| Exam Board | OCR |
|---|---|
| Module | H240/03 (Pure Mathematics and Mechanics) |
| Year | 2021 |
| Session | November |
| Marks | 3 |
| Paper | Download PDF ↗ |
| Topic | Constant acceleration (SUVAT) |
| Type | Find acceleration from distances/times |
| Difficulty | Moderate -0.8 This is a straightforward constant acceleration kinematics problem requiring direct application of standard SUVAT equations. Part (a) uses v=u+at with given values, and part (b) uses v²=u²+2as. Both parts involve routine substitution with no problem-solving insight required, making it easier than average but not trivial since it requires correct equation selection and careful arithmetic. |
| Spec | 3.02d Constant acceleration: SUVAT formulae |
There are three checkpoints, $A$, $B$ and $C$, in that order, on a straight horizontal road.

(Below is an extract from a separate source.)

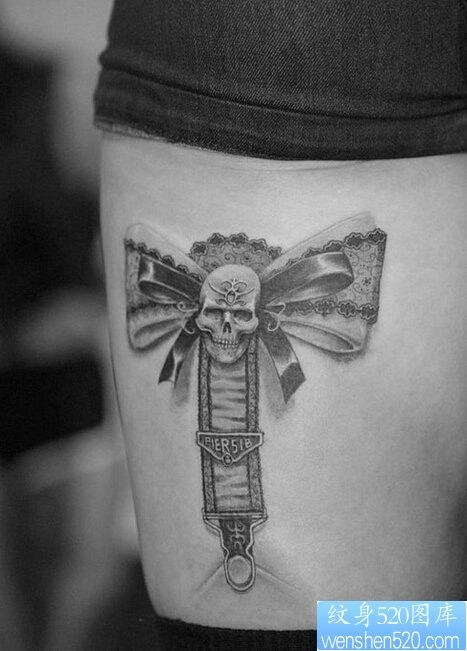 点击大图看下一张：纹身推荐一款女性腿部骷髅头蝴蝶结纹身图案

A car travels along the road, in the direction from $A$ to $C$, with constant acceleration. The car takes 20 s to travel from $B$ to $C$. The speed of the car at $B$ is 14 m s$^{-1}$ and the speed of the car at $C$ is 18 m s$^{-1}$.
\begin{enumerate}[label=(\alph*)]
\item Find the acceleration of the car. [1]
\end{enumerate}
It is given that the distance between $A$ and $B$ is 330 m.
\begin{enumerate}[label=(\alph*)]
\setcounter{enumi}{1}
\item Determine the speed of the car at $A$. [2]
\end{enumerate}
\hfill \mbox{\textit{OCR H240/03 2021 Q9 [3]}}